They had gathered to say goodbye to Izba Chitalnya ("village reading room"), Donetsk's hippest cafe-bar, which was closing due to poor business as a result of the ongoing conflict in eastern Ukraine. When they belted out the first lines of the beloved No One Will Hear by the Russian band Chaif - "I haven't heard from my old friends, it's sad, and the daily newspaper leaves my soul empty" - it was almost as if they were singing about the turmoil in their own city.
It has been three months since pro-Russian protesters seized the Donetsk regional administration building, sparking the most serious separatist conflict in the former Soviet Union since it fell apart in 1991. At least 423 people have died, according to a June estimate by the UN.
Comment: Well, what really sparked this conflict was the western sponsored coup, and installation of a completely insane Nazi regime, death squads and all.
The upshot for Donetsk, once a city of a million people, is as much psychological as physical.

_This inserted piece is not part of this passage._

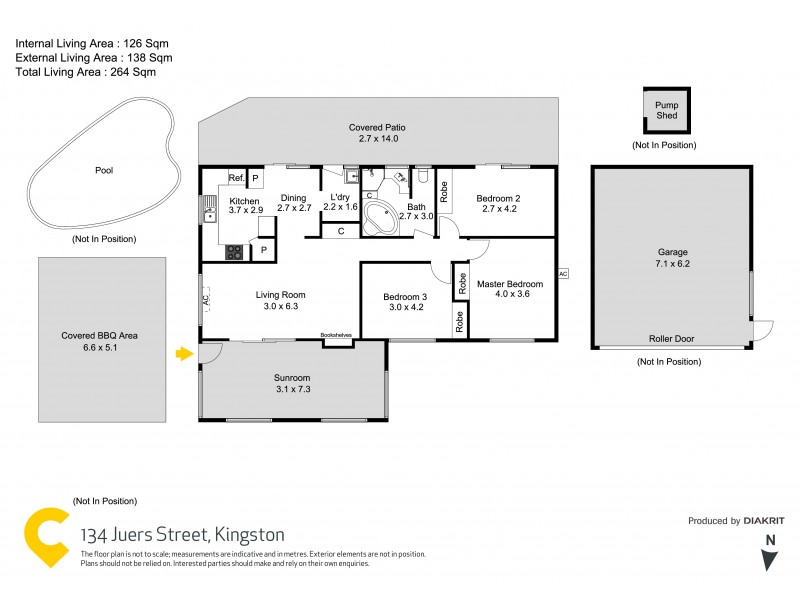 134 Juers Street, Kingston QLD 4114 Floorplan
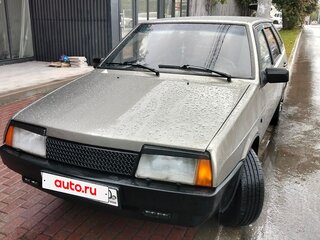 2002 Lada (ВАЗ) 2109, серебристый, 190000 рублей, вид 2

Tens of thousands have fled and hundreds of businesses have closed. A surreal atmosphere pervades the city centre, where ATMs have run out of cash, shops shut early, and it is not uncommon to see men with machine guns posted outside a sushi restaurant or behind the wheel of a city ambulance. People strive to live as normally as possible: on one memorable occasion this month when a firefight endured for hours near the regional police headquarters, locals blithely went about their business in nearby districts as if they couldn't hear the shooting.
Comment: These people just want to be left alone. They are being punished for invoking their right to disassociate from the abomination in charge of Kiev, which is but a tendril of the US/NATO empire.